The issue is whether AT&T can impose whatever rules it concocts on a given day to deny – or sufficiently restrict so as to deny for practical purposes – competitive telecoms companies access to conduit and pole routes it owns. California (and federal) law says incumbent utilities – telephone, electric or, to some extent, cable – have to share pole and conduit space, but without defining the details. Like whether that means extra space in a conduit – a common condition – or just the second or third (not so likely) spare, discrete duct that happened to be installed. Which is what AT&T told Webpass, according to the request for arbitration Webpass filed.
Instead of buying AT&T’s lawyerly argument that Webpass’ complaint was technically deficient, the administrative law judge assigned to the case encouraged the two companies to work out a mutually acceptable compromise and scheduled a second hearing for next month, according to our Kind Reader.

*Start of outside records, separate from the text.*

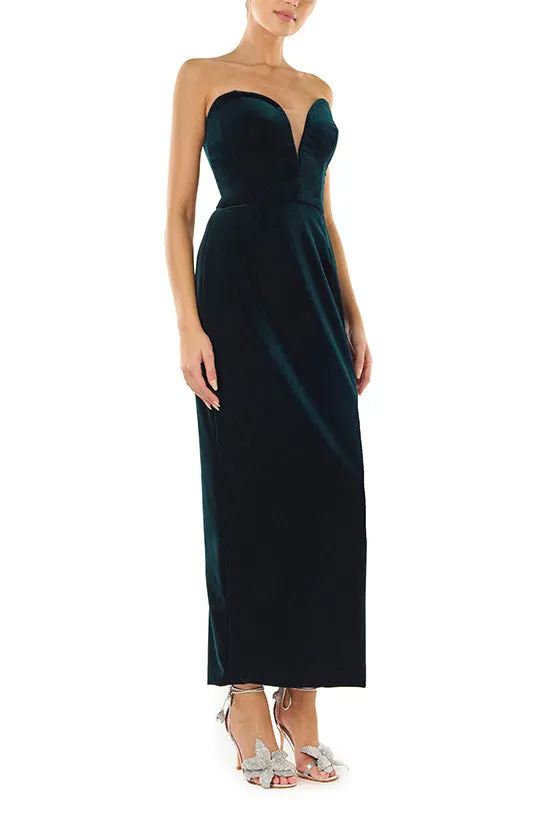 Strapless Velvet Cocktail Dress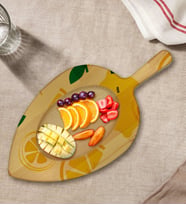 BK Gift Limon Tasarımlı Yaprak Şeklinde Doğal Ahşap Servis ve Sunum Tabağı Model 1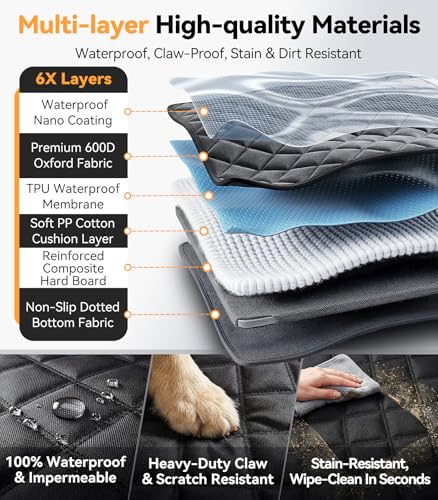 Rorhxia Dog Seat Cover for Backseat, [Ultimate Safe, Comfortable and Large Space] Waterproof 600D Heavy Duty Dog Car Hammock, Release Passenger Seats, Fits Sedan/SUV/Truck, Large Dog Friendly, L - size: L-For Car/SUV/Small Truck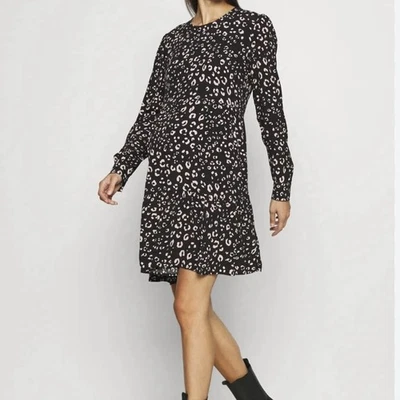 Vestido Seraphine Mujer Maternidad Manga Larga Estampado Animal Elastizado Negro Talla 6 Foto 1 de 4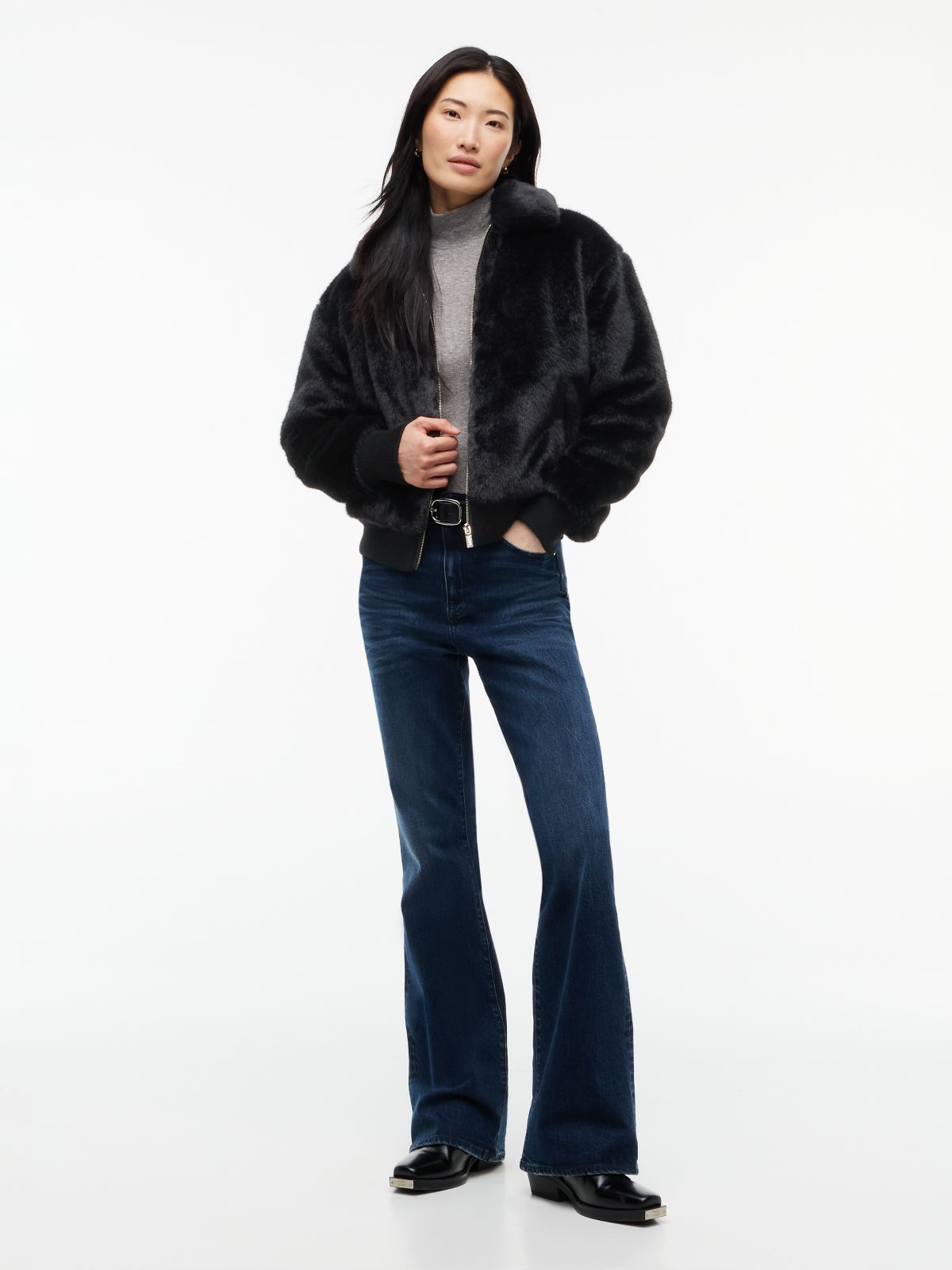 Faux Fur Relaxed Zip-Thru Jacket — Black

AT&T’s fallback position seems to be that particular responses about particular matters by lower level staff isn’t company policy, so nothing to see here, move along. Again, according to our Kind Reader.
This is a very important public policy question for Californian telecoms companies and regulators. It boils down to who is the gatekeeper for competition? If the answer is AT&T, Comcast, PG&E and every other monopoly provider, then don’t expect lower prices, better service or civil customer service anytime soon.